Data extracted from a collection:
"""

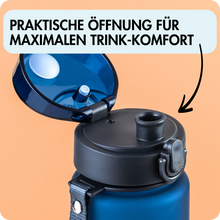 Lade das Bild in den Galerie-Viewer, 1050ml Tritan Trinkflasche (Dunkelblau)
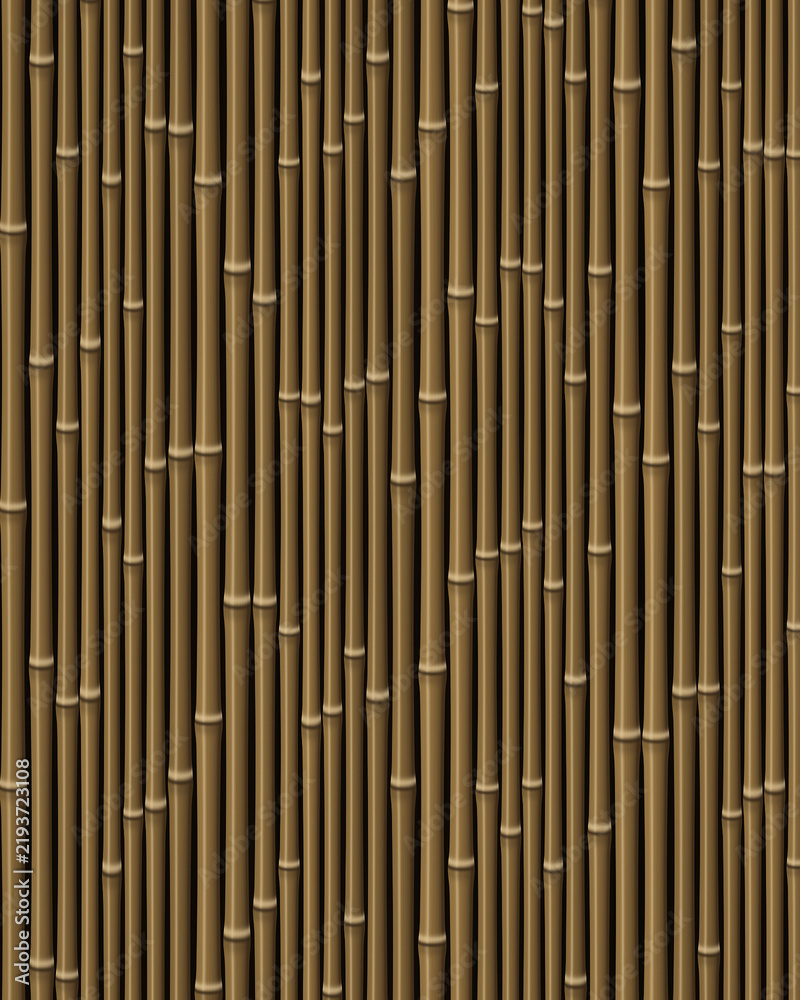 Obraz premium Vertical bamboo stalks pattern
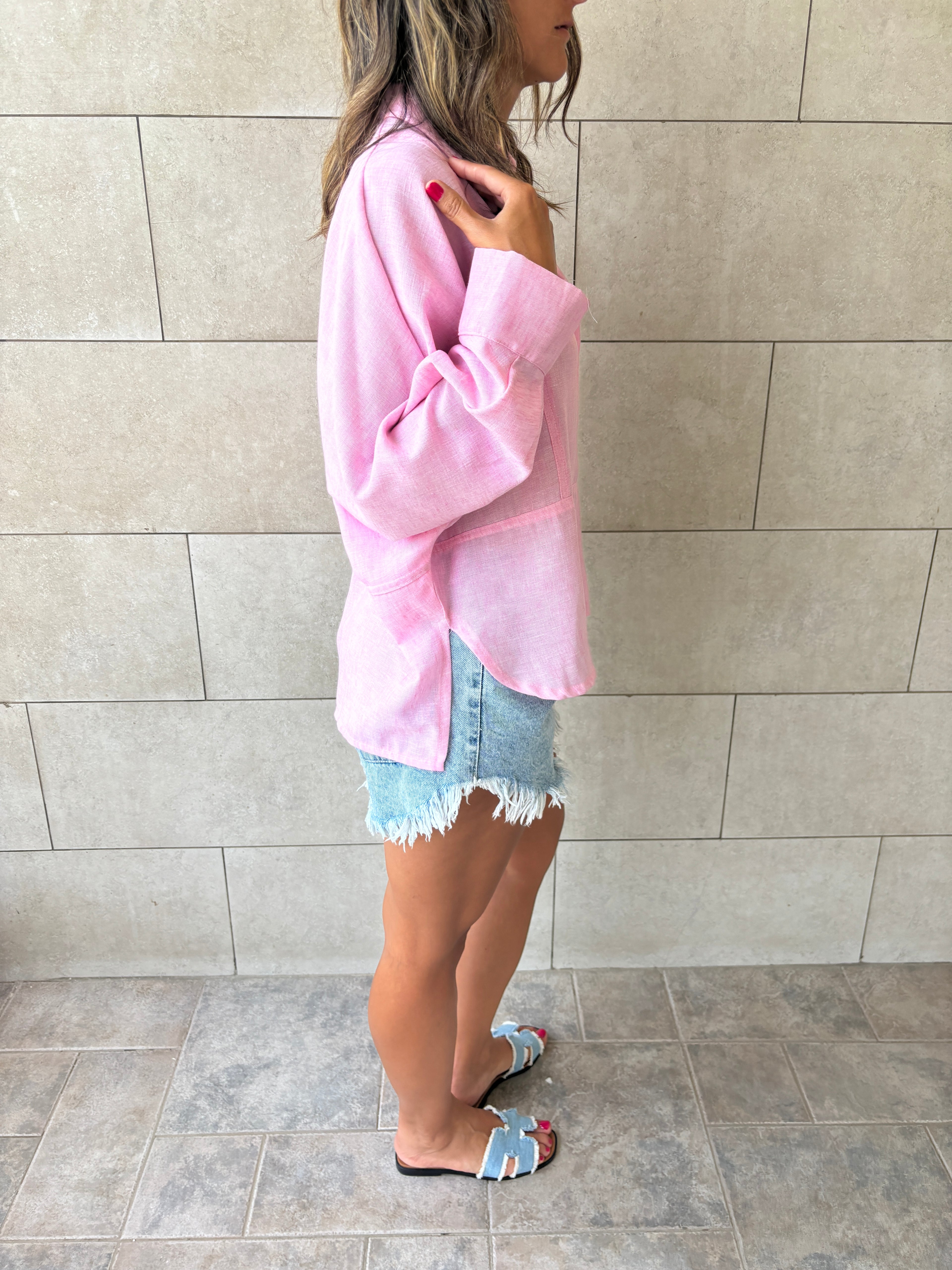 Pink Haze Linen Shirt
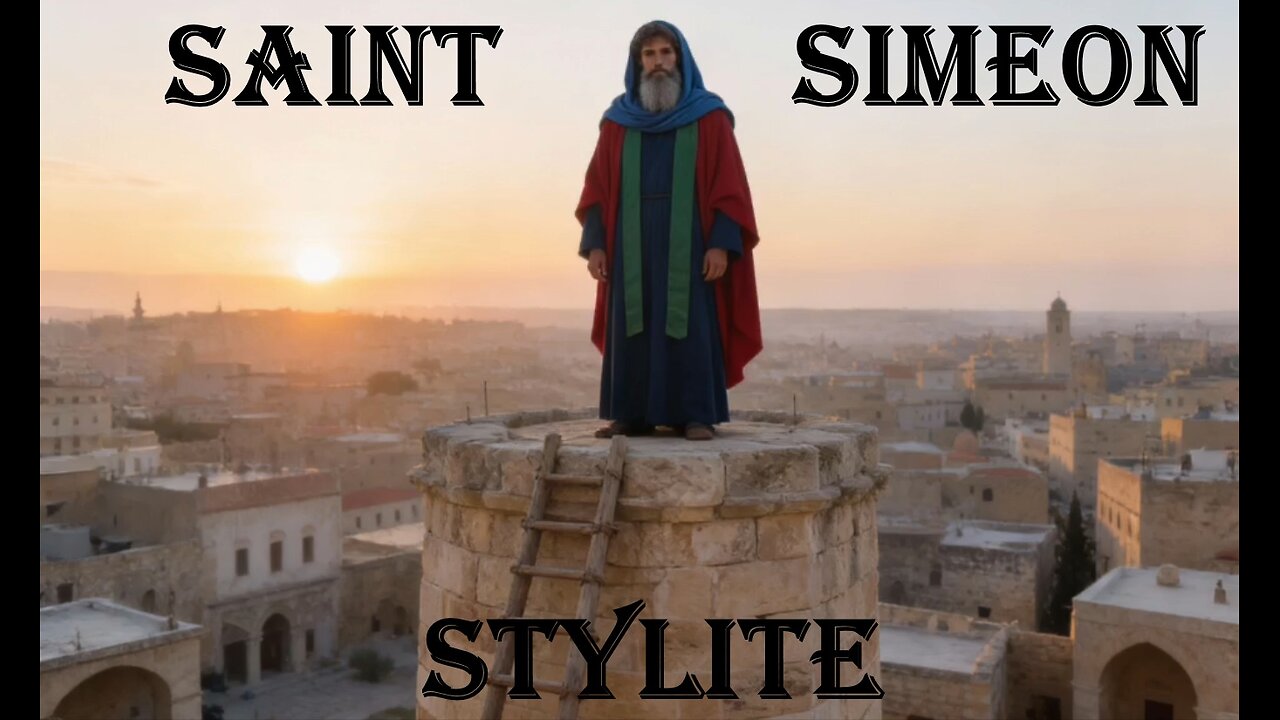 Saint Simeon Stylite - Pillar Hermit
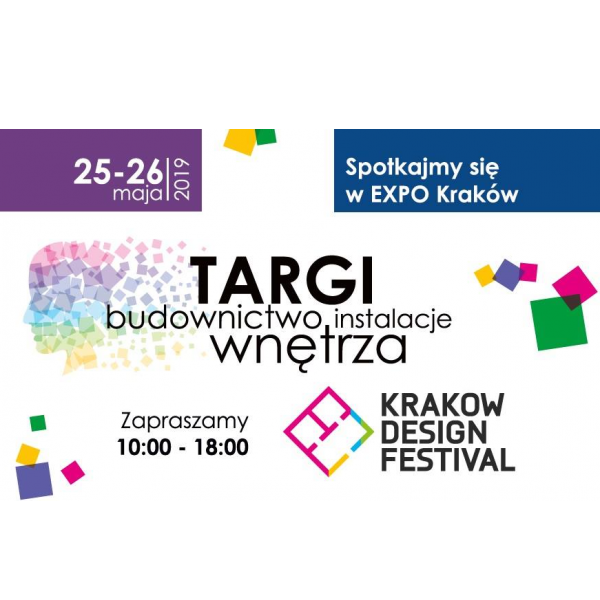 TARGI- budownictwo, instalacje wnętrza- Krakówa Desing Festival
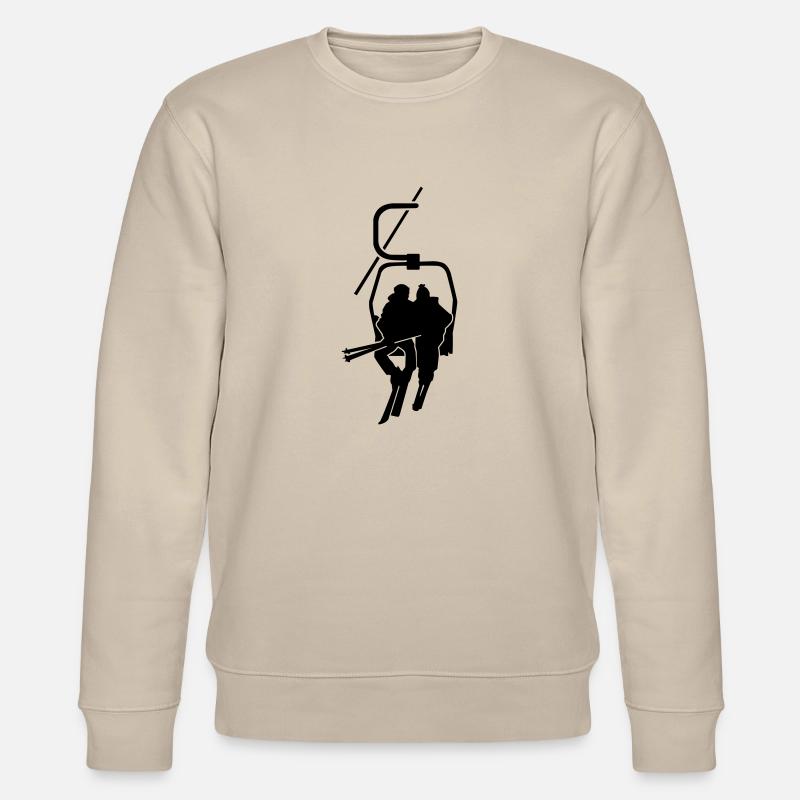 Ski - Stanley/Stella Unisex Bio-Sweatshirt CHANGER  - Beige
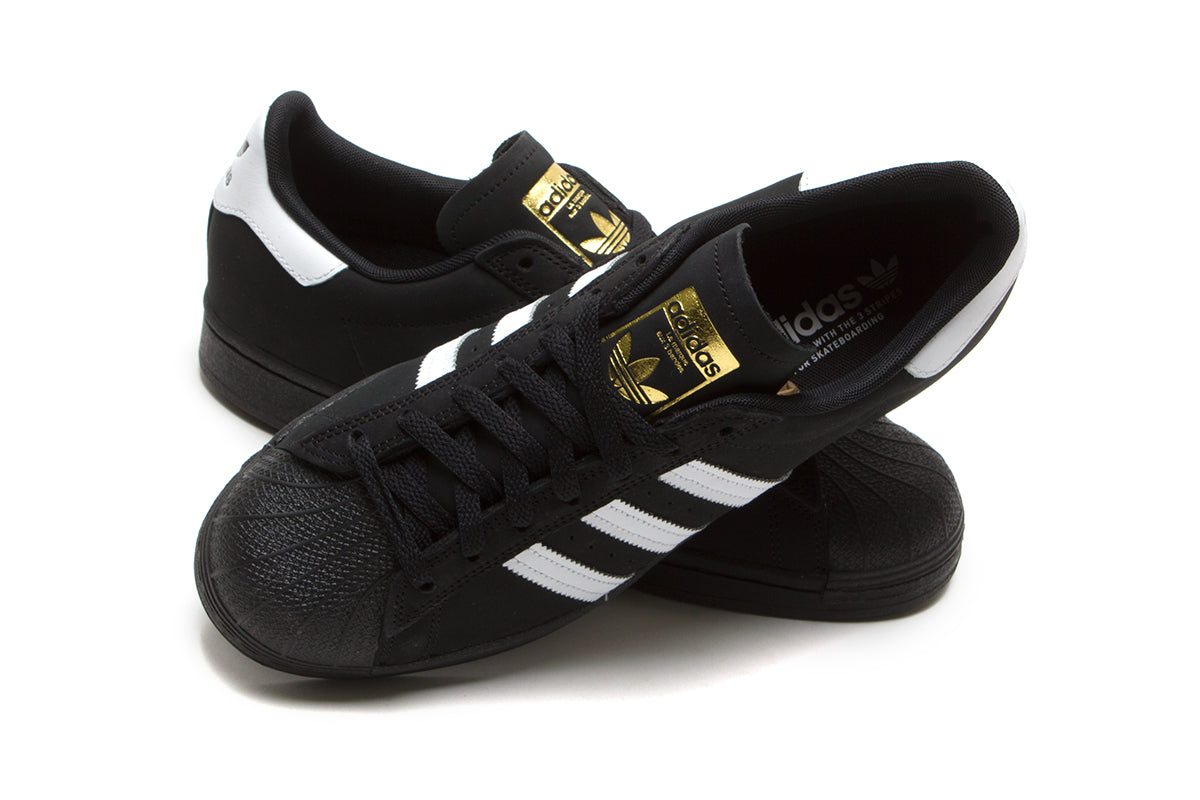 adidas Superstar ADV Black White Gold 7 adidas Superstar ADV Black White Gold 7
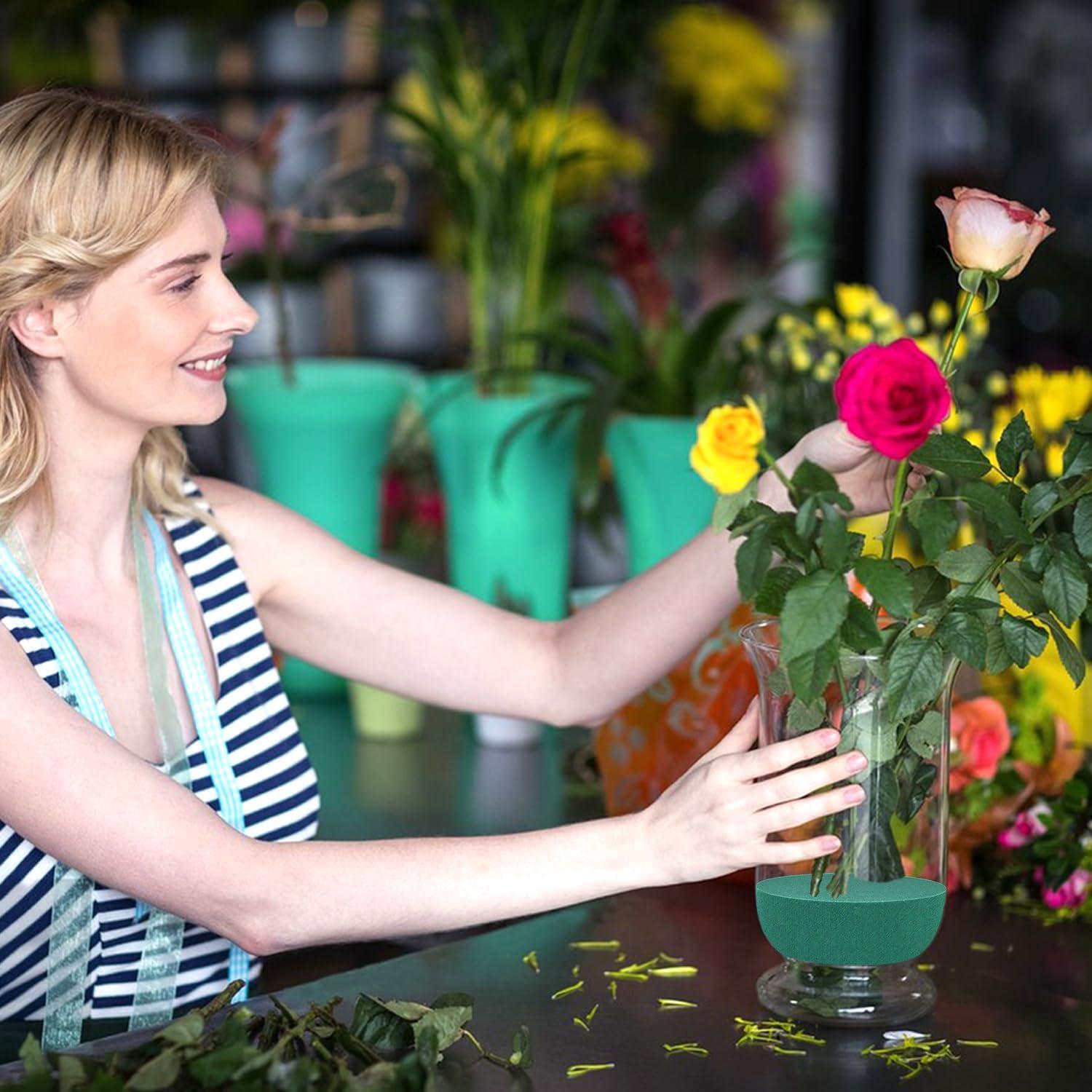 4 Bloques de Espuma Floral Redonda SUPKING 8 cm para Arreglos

"""

» **Requirement**: The expected output is each record, copied exactly, and nothing in place of the pictures.

» **Problem solution**:
 Lade das Bild in den Galerie-Viewer, 1050ml Tritan Trinkflasche (Dunkelblau)
 Obraz premium Vertical bamboo stalks pattern
 Pink Haze Linen Shirt
 Saint Simeon Stylite - Pillar Hermit
 TARGI- budownictwo, instalacje wnętrza- Krakówa Desing Festival
 Ski - Stanley/Stella Unisex Bio-Sweatshirt CHANGER  - Beige
 adidas Superstar ADV Black White Gold 7 adidas Superstar ADV Black White Gold 7
 4 Bloques de Espuma Floral Redonda SUPKING 8 cm para Arreglos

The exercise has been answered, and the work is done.